Sunday, June 04, 2000
Blackwell on GOP ticket? Not likely
Cincinnatian's name mentioned for V.P. slot
We have been marking time lately knowing that this would happen, that it had to happen, that it could not be escaped:
J. Kenneth Blackwell's name has been floated for vice president of the United States.
Cicadas are supposed to show up every 17 years, except for those squirrelly ones that pop out early. The Blackwell-for-Veep thing is a quadrennial event.
This time it is a political economist at the conserva tive Heritage Foundation named Daniel J. Mitchell, who, last week, wrote a sober and thoughtful op-ed piece for the also-conservative Washington Times suggesting that if inevitable Republican presidential nominee George W. Bush wanted to shake things up he could turn to Ohio's secretary of State as the first Afri can-American on a major party presidential ticket.
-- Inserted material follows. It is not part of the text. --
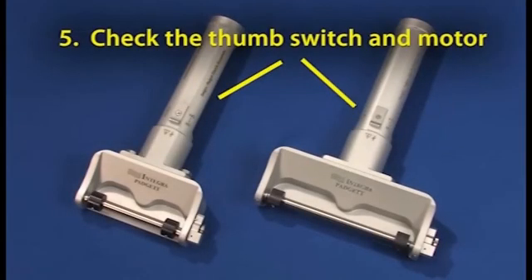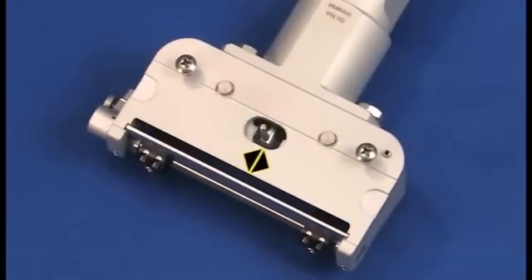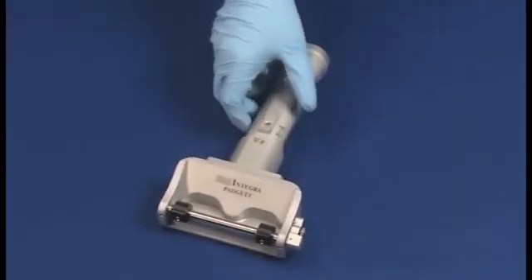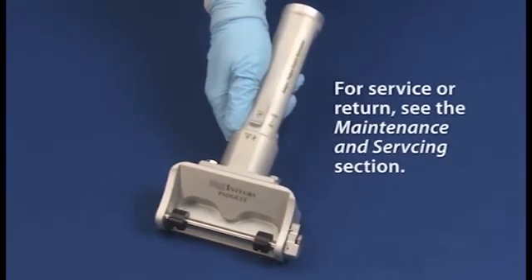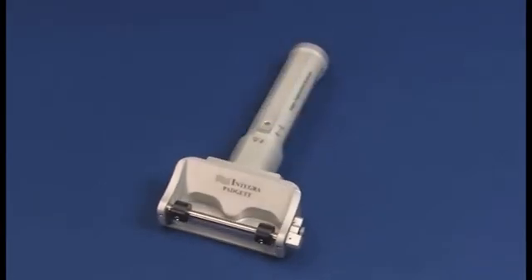5. Depress the thumb switch on the dermatome handpiece momentarily. The dermatome motor is to run, and the oscillating pin is to move rapidly from side to side. Note any unusual motor sounds. If issues are experienced with any of these system checks, do not use the dermatome, and return the unit to the Integra Paget Dermatome Service Center for service. If no issues are observed during this assessment but performance issues are experienced, refer to the following troubleshooting table.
Now, let us all take a deep breath and get more oxygen in our heads. Let us get a grip on ourselves.
The odds of Mr. Mitchell's intriguing political daydream coming to life are about as remote as the possibility of Jesse Ventura speaking a complete sentence that does not contain the words I or me.
But it is not the first time it has been suggested.
J. Kenneth Blackwell
Four years ago, in the period between Bob Dole clinching the GOP presidential nomination and the Republican convention in San Diego, Newt Gingrich and John Sununu were among those floating Mr. Blackwell's name as a potential running mate.
At the convention, nearly every Ohio delegate went home with a campaign button touting what turned out to be a fictional Dole-Blackwell ticket; they are prized collectors items indeed.
It didn't happen, of course, but it was fun while it lasted.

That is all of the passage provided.